# [SOLVED] fried clothes dryer?



## Raylo (Feb 12, 2006)

GE DDE5900RALAD electric clothes dryer

A friend called and said when she tried to run her dryer yesterday it made a nasty electrical smell and she shut it off right away. The circuit breaked didn't trip. She later ran it with the heat off and it seemed to be OK but she is afraid to try it with heat again.

I looked online at the parts available for this unit the only thing that strikes me as a possibility is fried heating elements. Anyone ever work on dryers and have any thoughts?

Dryers seem to be one of the more reliable devices in my life and I have never had to work on one. Guess that's about to change when I have a look at it later today.


----------



## Raylo (Feb 12, 2006)

*Re: fried clothes dryer?*

Well, it was my lucky day. In the words of a car repair tech I was "unable to duplicate the problem". It worked fine, quiet and no smell when we ran it.

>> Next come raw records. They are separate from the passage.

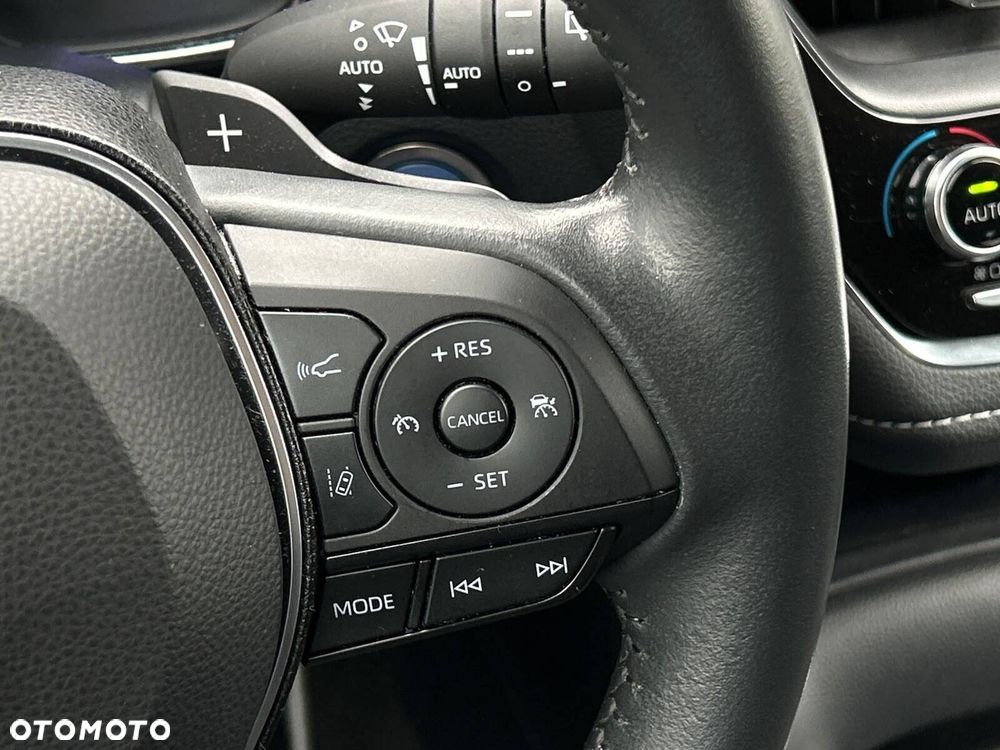 Toyota Corolla 2.0 Hybrid Comfort - 22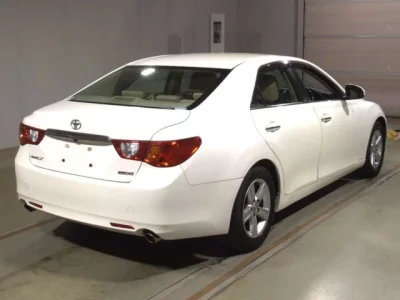Toyota MARK X  с аукциона в Японии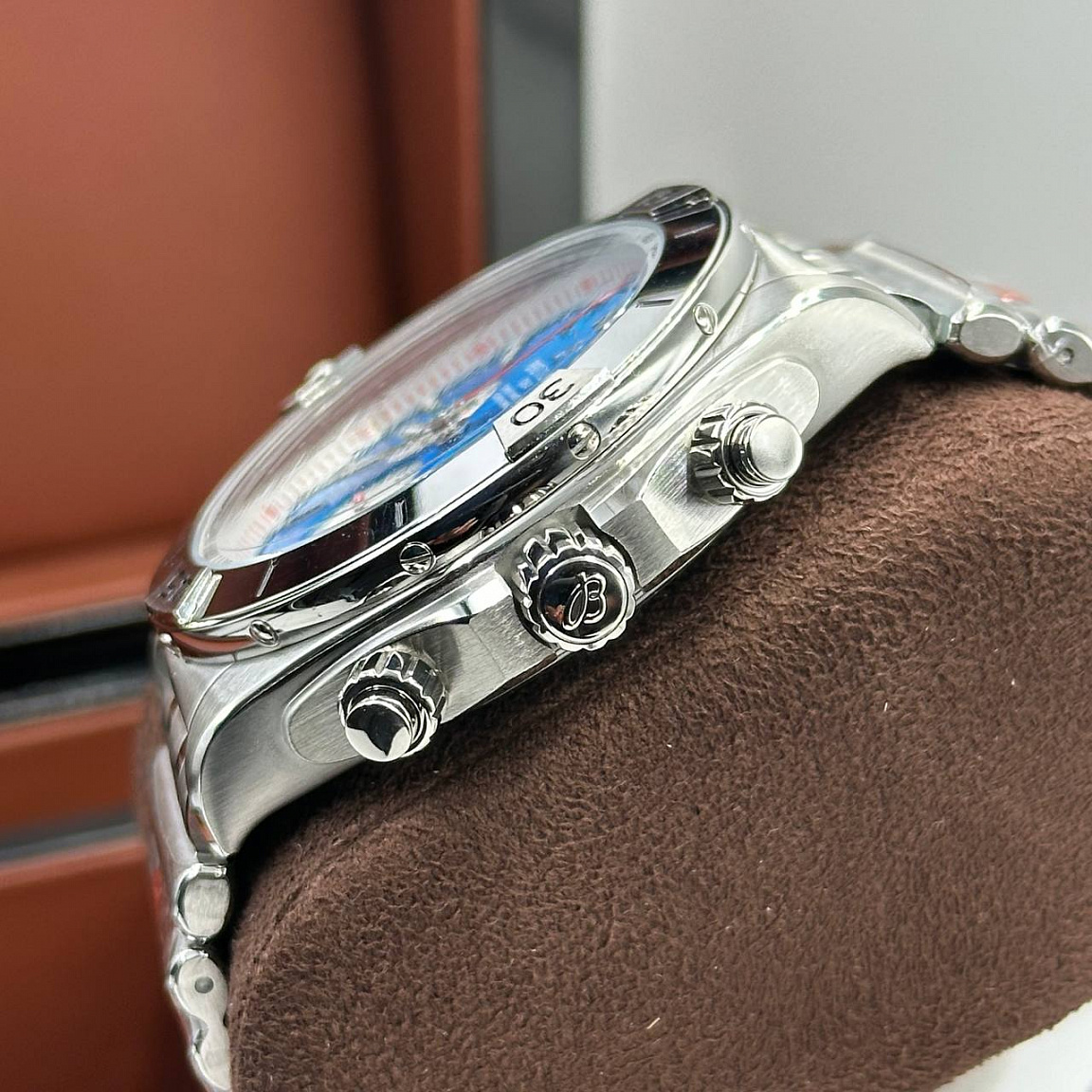 Мощные часы Breitling - Chronomat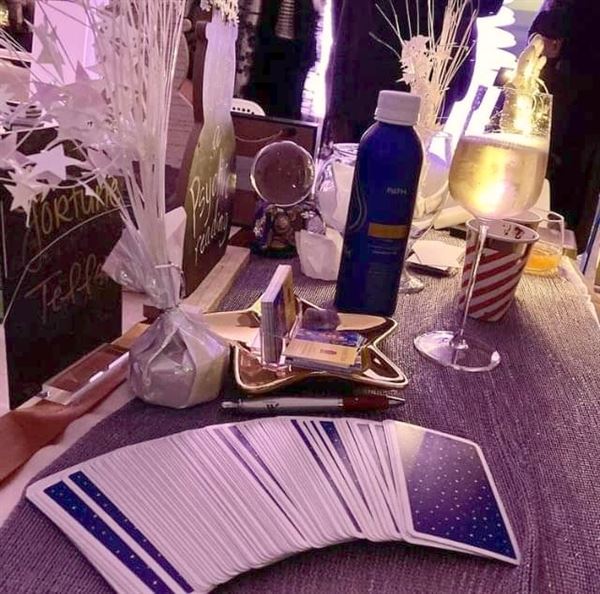 The Psychic Stars, Fortune Tellers and Magicians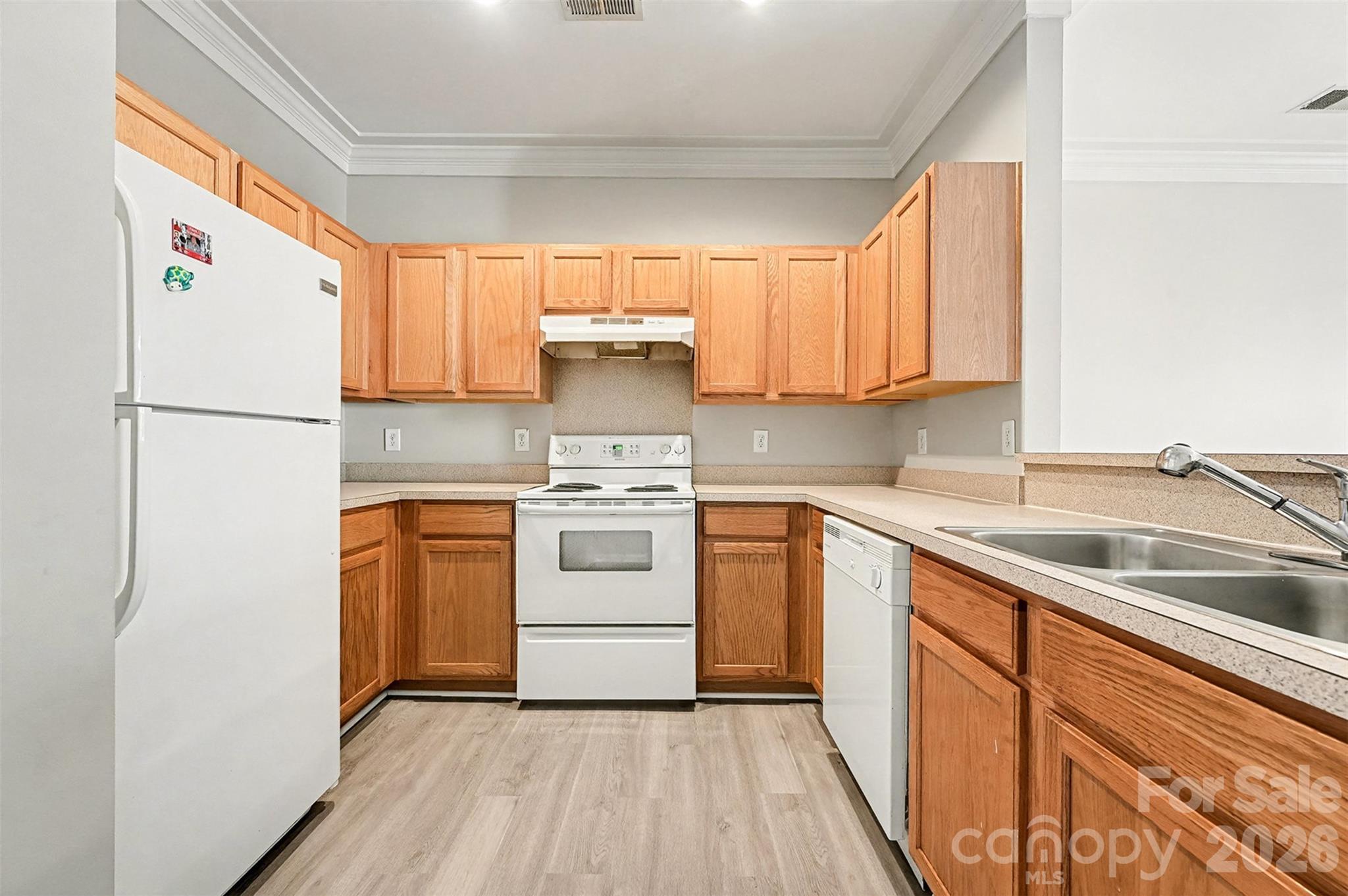 2318 Brendon Patrick Court Property Photo 8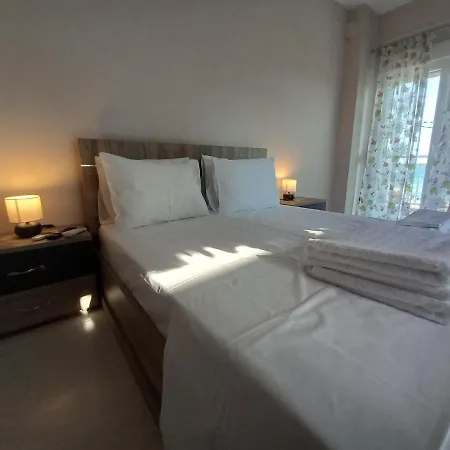Breeze - Cozy Beachfront Lux - Listen Piano & The Waves *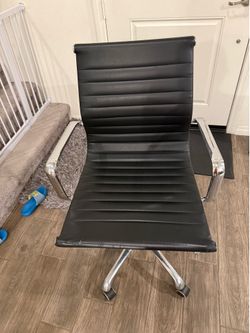 Leather Office Chair (Comfortable)
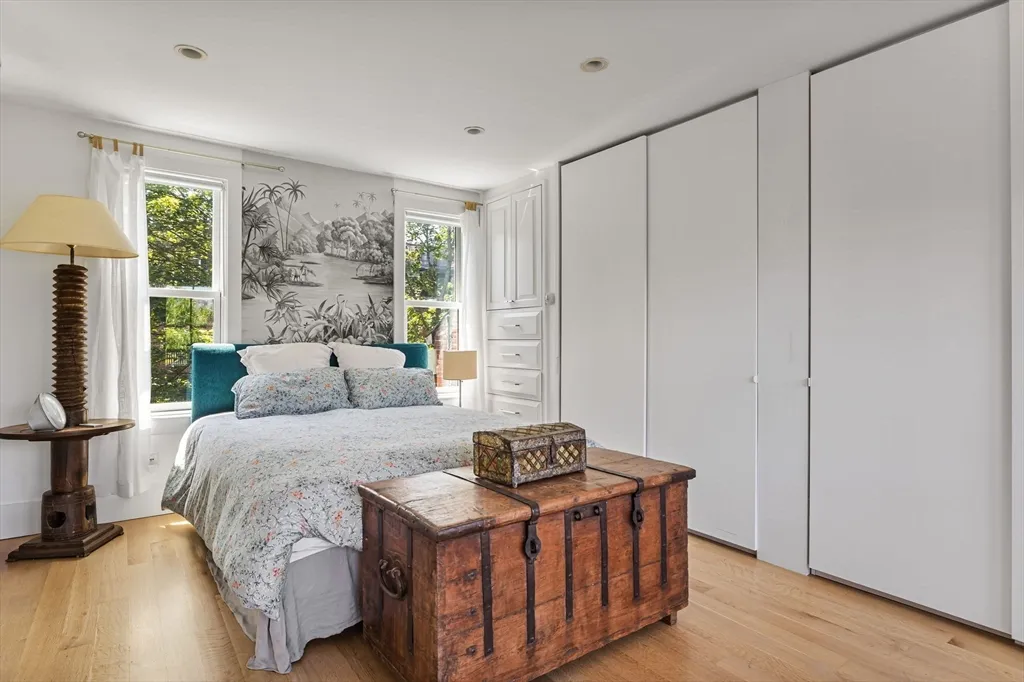 201 West Springfield St, South End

So I didn't have to spend the afternoon mucking with it.  But we'll keep an extra close eye on it for awhile.


----------



## Wrench97 (May 10, 2008)

Some have more then 1 heating element so if she now complains that it doesn't dry as fast as it use to, it may have burnt one of them out.

Of course you could tell what I told my wife --
"You must be imaging that, feel how hot it is in there"


----------



## Raylo (Feb 12, 2006)

I like how you think! It seemed hot enough and she seemed happy so this little secret will stay between us. ;-)


----------



## stressfreesoul (Mar 17, 2008)

Sometimes fluff can escape the drum. This can also produce a burning smell.


----------



## dai (Jul 2, 2004)

it it is overloaded it can cause the belt to slip and produce the odour


----------



## Elmer Fudd 58 (Jan 16, 2008)

stressfreesoul said:


> Sometimes fluff can escape the drum. This can also produce a burning smell.


Is that the pale blue belly button fluff ??


----------



## kcaternolo (Jun 19, 2008)

your friends dryer could probably also just need a good cleaning that lint trap only catches a small portion of lint for $55-$80 you could get someone to professionally clean it


----------